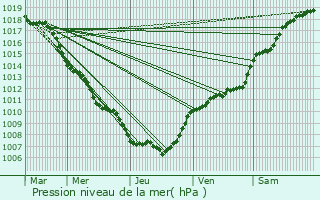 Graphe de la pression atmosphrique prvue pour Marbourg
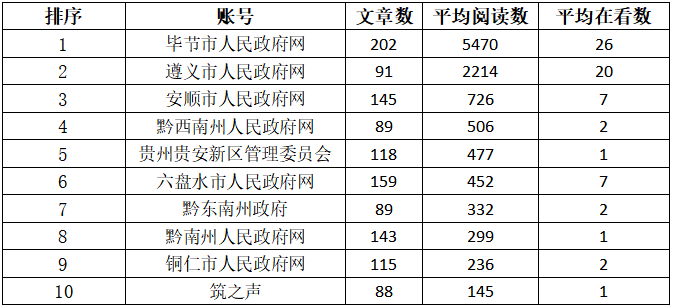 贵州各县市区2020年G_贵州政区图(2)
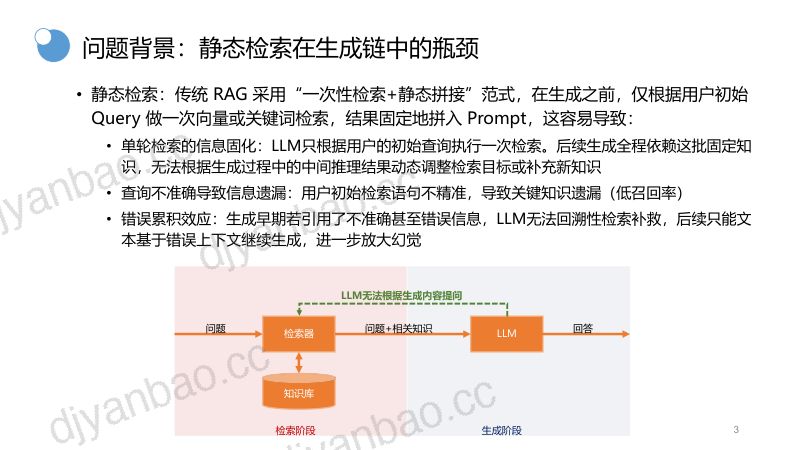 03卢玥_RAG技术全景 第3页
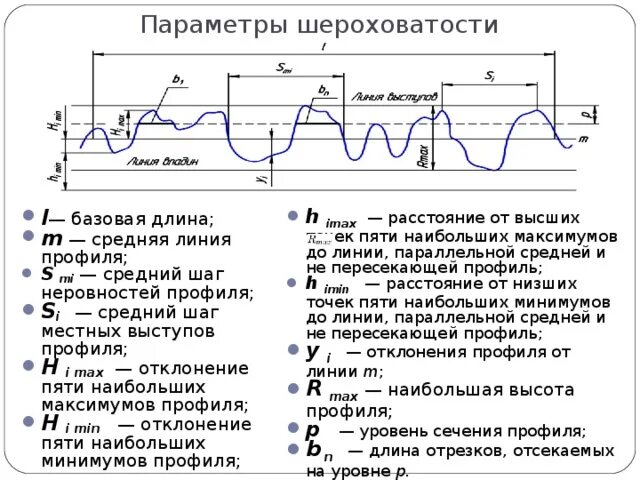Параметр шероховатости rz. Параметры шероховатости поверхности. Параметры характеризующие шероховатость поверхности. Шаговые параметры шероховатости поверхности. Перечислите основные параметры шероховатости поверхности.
====================
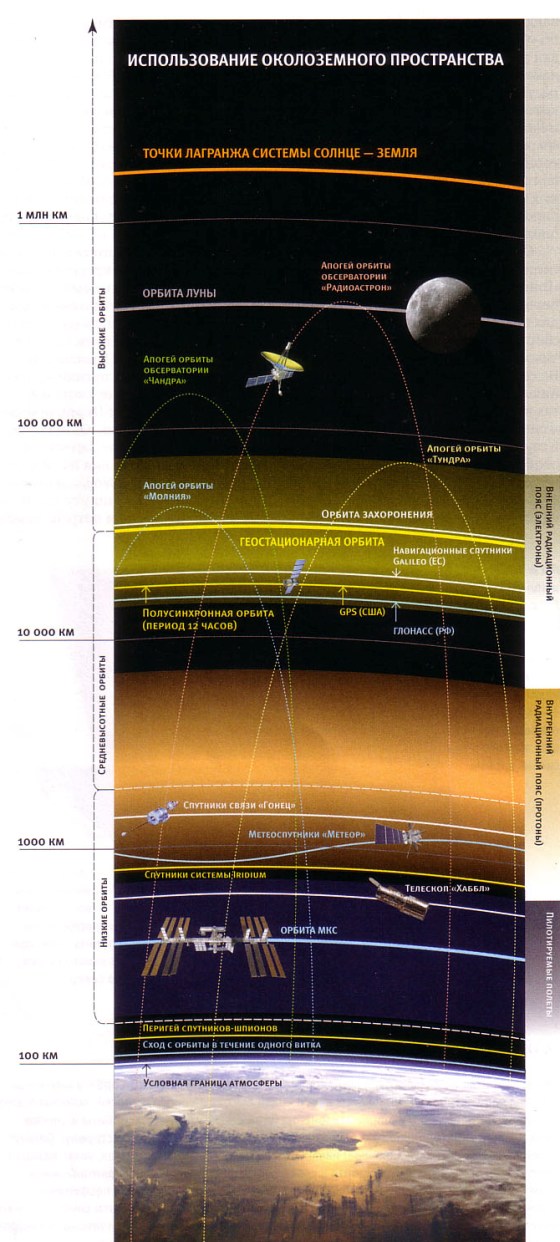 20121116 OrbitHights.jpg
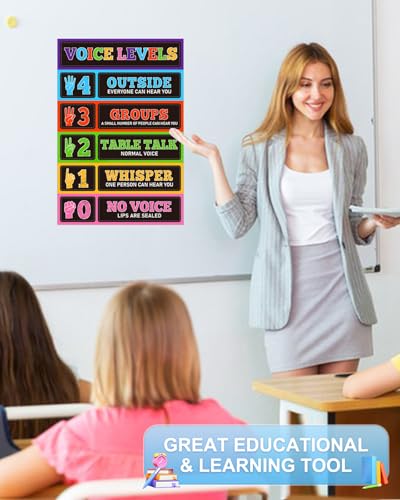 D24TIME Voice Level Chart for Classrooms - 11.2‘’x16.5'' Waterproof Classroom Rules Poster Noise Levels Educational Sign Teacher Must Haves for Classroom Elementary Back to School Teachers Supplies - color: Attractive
====================
● **WHAT TO WORK ON**
Those lines of the records above that run from the one containing "Graphe de la" through the one containing "Параметр шероховатости rz." should be returned exactly, with no pictures among them.

● **RESPONSE TO THE TASK**
 Graphe de la pression atmosphrique prvue pour Marbourg
 贵州各县市区2020年G_贵州政区图(2)
 03卢玥_RAG技术全景 第3页
Параметр шероховатости rz. Параметры шероховатости поверхности. Параметры характеризующие шероховатость поверхности. Шаговые параметры шероховатости поверхности. Перечислите основные параметры шероховатости поверхности.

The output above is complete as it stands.